John Holdren is Pres. Obama’s top science adviser. In today’s world scientists are beginning to be the voice of reason to follow. So as the adviser to the president he will be directing the bureaucrats and money allocation in the sciences. Each day we give the scientists of the world more and more of a right to tell us how to live. Scientists start to see themselves as superior to most of the public. John Holdren’s old ideas about population control and government demonstrates this quality. As these men gain a louder voice in how we all should live I believe you should know what this man co-authored back in 1977.The book is Ecoscience by John Holdren and his close colleagues Paul Ehrlich and Anne Ehrlich.
Don’t let them tell you how you should live! How will they want to violate our bodies next?
In the future I will prove they are already doing many of these things.
examples: Floride, bisphenol a, etc…….
Page 837: Compulsory abortions would be legal
Indeed, it has been concluded that compulsory population-control laws, even including laws requiring compulsory abortion, could be sustained under the existing Constitution if the population crisis became sufficiently severe to endanger the society.
Page 786: Single mothers should have their babies taken away by the government; or they could be forced to have abortions
One way to carry out this disapproval might be to insist that all illegitimate babies be put up for adoption—especially those born to minors, who generally are not capable of caring properly for a child alone. If a single mother really wished to keep her baby, she might be obliged to go through adoption proceedings and demonstrate her ability to support and care for it.

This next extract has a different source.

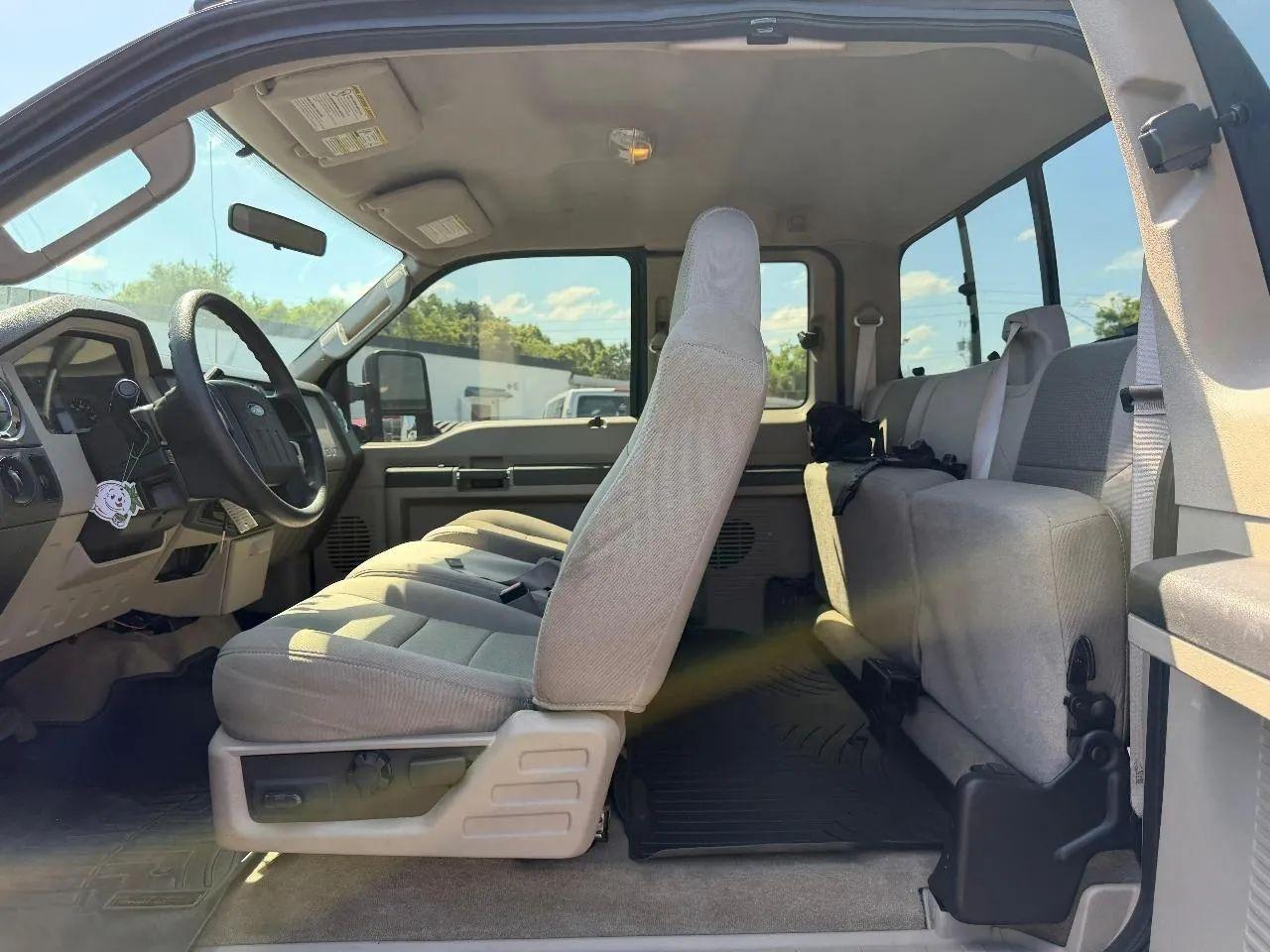 Ford F-250 SD FX4 SuperCab Long Bed 2008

Adoption proceedings probably should remain more difficult for single people than for married couples, in recognition of the relative difficulty of raising children alone. It would even be possible to require pregnant single women to marry or have abortions, perhaps as an alternative to placement for adoption, depending on the society.
Page 787-8: Mass sterilization of humans though drugs in the water supply is OK as long as it doesn’t harm livestock
Adding a sterilant to drinking water or staple foods is a suggestion that seems to horrify people more than most proposals for involuntary fertility control. Indeed, this would pose some very difficult political, legal, and social questions, to say nothing of the technical problems. No such sterilant exists today, nor does one appear to be under development. To be acceptable, such a substance would have to meet some rather stiff requirements: it must be uniformly effective, despite widely varying doses received by individuals, and despite varying degrees of fertility and sensitivity among individuals; it must be free of dangerous or unpleasant side effects; and it must have no effect on members of the opposite sex, children, old people, pets, or livestock.

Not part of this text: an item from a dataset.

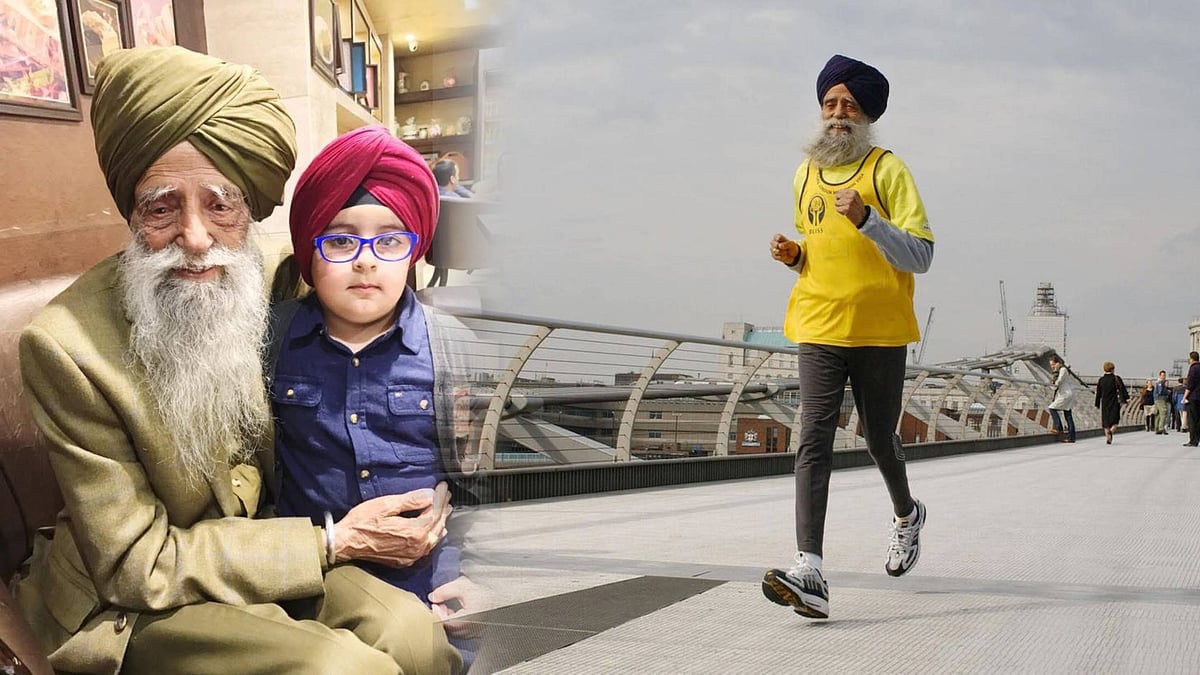 `89 வயதில் உலக சாதனை' - பிரிட்டிஷ் முதல் பாகிஸ்தான் வரை பாராட்டிய `ஃபௌஜா சிங்' சாலை விபத்தில் மரணம்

Page 786-7: The government could control women’s reproduction by either sterilizing them or implanting mandatory long-term birth control
Involuntary fertility control
A program of sterilizing women after their second or third child, despite the relatively greater difficulty of the operation than vasectomy, might be easier to implement than trying to sterilize men.
The development of a long-term sterilizing capsule that could be implanted under the skin and removed when pregnancy is desired opens additional possibilities for coercive fertility control. The capsule could be implanted at puberty and might be removable, with official permission, for a limited number of births.
Page 838: The kind of people who cause “social deterioration” can be compelled to not have children
If some individuals contribute to general social deterioration by overproducing children, and if the need is compelling, they can be required by law to exercise reproductive responsibility—just as they can be required to exercise responsibility in their resource-consumption patterns—providing they are not denied equal protection.
Page 942-3: A “Planetary Regime” should control the global economy and dictate by force the number of children allowed to be born
Toward a Planetary Regime
Perhaps those agencies, combined with UNEP and the United Nations population agencies, might eventually be developed into a Planetary Regime—sort of an international superagency for population, resources, and environment. Such a comprehensive Planetary Regime could control the development, administration, conservation, and distribution of all natural resources, renewable or nonrenewable, at least insofar as international implications exist. Thus the Regime could have the power to control pollution not only in the atmosphere and oceans, but also in such freshwater bodies as rivers and lakes that cross international boundaries or that discharge into the oceans. The Regime might also be a logical central agency for regulating all international trade, perhaps including assistance from DCs to LDCs, and including all food on the international market.
The Planetary Regime might be given responsibility for determining the optimum population for the world and for each region and for arbitrating various countries’ shares within their regional limits. Control of population size might remain the responsibility of each government, but the Regime would have some power to enforce the agreed limits.